横を向いて寝ると舌根部分が沈むことの予防になり、気道が確保されるため、いびきの緩和につながると考えられています。
その③ MFTエクササイズ(口腔筋機能療法)
MFTエクササイズとは、舌や唇、頬などの口周りの筋肉を鍛えることで正しい機能を取り戻させる療法です。

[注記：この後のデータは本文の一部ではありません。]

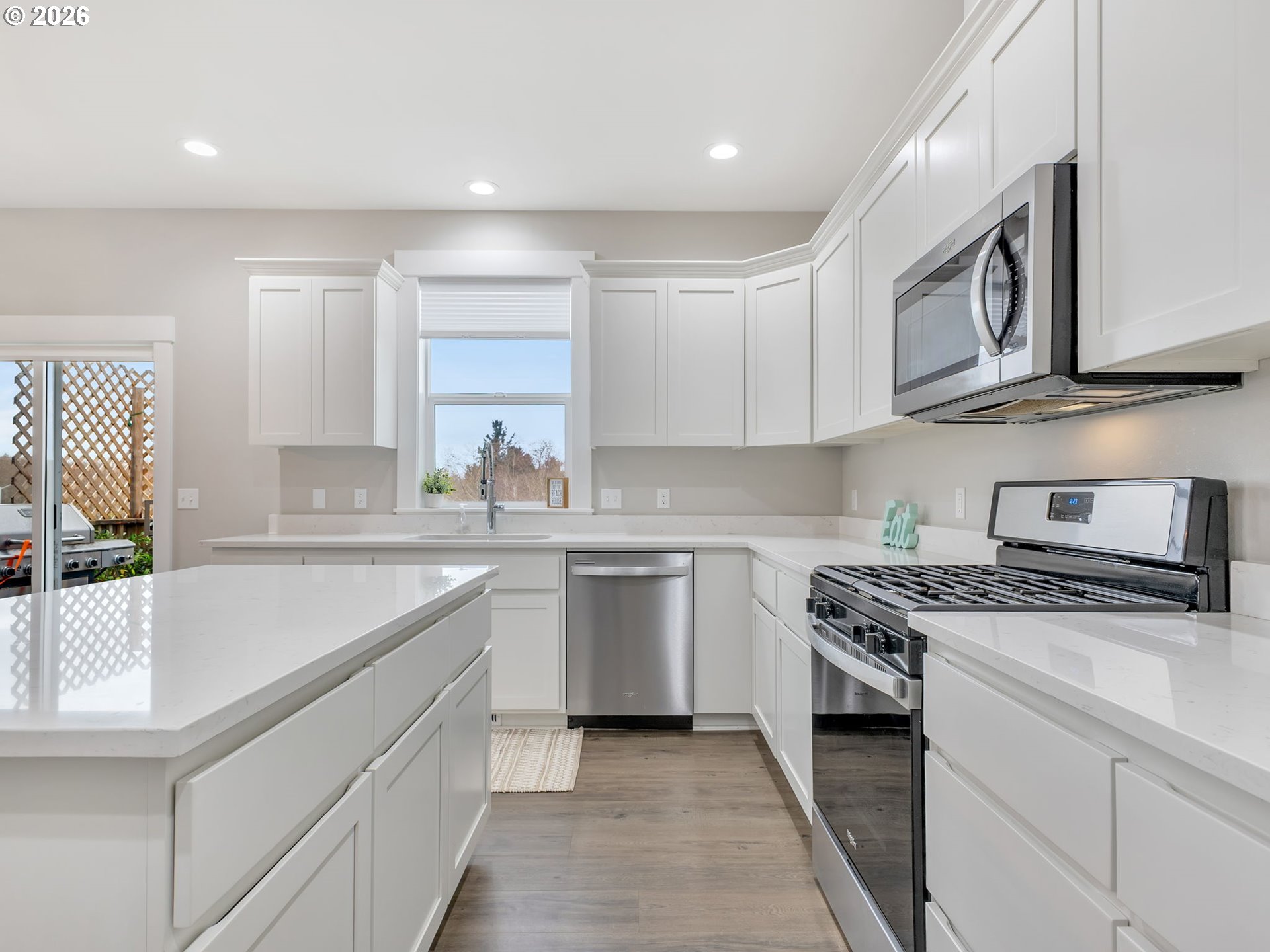 2188 Stanley Lake Court Seaside, OR 97138 - Photo 16 of 46 a kitchen with stainless steel appliances granite countertop a sink and a stove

口周りや舌のエクササイズにより、唇や舌の筋肉のバランスを調整し、舌の位置や働きを改善することで、口呼吸が改善されいびき改善にもつながります。
鼻呼吸の練習
- 右小鼻を押さえ左鼻から息を吸います
- 左小鼻を押さえ右鼻から息を出します
- ①②の動作を5回ほど繰り返します
- 逆も同じように5回ほど繰り返します
舌を動かす練習
- 口を開けて舌をまっすぐ前に出し10秒間キープします(舌が唇に触れない)
- 舌先端を右口角につけた状態で10秒間キープします
- 次は左口角につけた状態で10秒間キープします
- ①~③を1クールとし10回ほど繰り返します
舌を上顎の天井につける練習
- 舌先端を上顎の前歯後方の歯茎につけてそのまま舌を持ち上げて上顎に密着させます
- ポンと音をたてて離します
- ①②を10回ほど繰り返します
舌を上顎の天井につけながら唾を飲む練習
- 舌先端を上顎の前歯後方の歯茎につけたまま口を閉じます
- 30秒で唾液を溜めます
- 舌を上顎につけたまま奥歯を軽く噛み合わせ唾液を飲み込みます
- ①~③を10回ほど繰り返します
口周りの筋肉ストレッチ
- 右頬に空気を溜めて頬を膨らませて5秒間キープします
- 左側も同じように行います
- 上唇と歯の間に空気を溜めて膨らませて5秒間キープします
- 下唇も同じように行います
- ①~④を10回ほど繰り返します
こんないびきは病院へ相談を!
- 家族から指摘されるほど大きいいびきが続く
- 無呼吸発作を起こしている
- 寝ているとき呼吸が苦しくなる
- 日中に眠気がある
- 起床時に頭痛が起こる
といった症状が出現している場合は病院を受診してください。
肥満によるいびきを放置した場合、
- 睡眠時無呼吸症候群の発症や悪化
- 心拍数増加による血圧上昇(高血圧)
- 血管収縮が起き、さらなる血圧上昇を招く
- 糖尿病を引き起こす場合がある
- 心疾患(狭心症、心筋梗塞等)や脳疾患(脳梗塞等)を発症する
といったリスクが生じる可能性があります。
早めに医療機関を受診しましょう。
病院は何科?
極度肥満。睡眠時無呼吸症候群が疑われる場合は、呼吸器内科(特にいびき外来・無呼吸外来など)の受診をおすすめします。
鼻炎等を伴う場合(咽頭にも問題があると考えられる場合)は、耳鼻いんこう科を受診してください。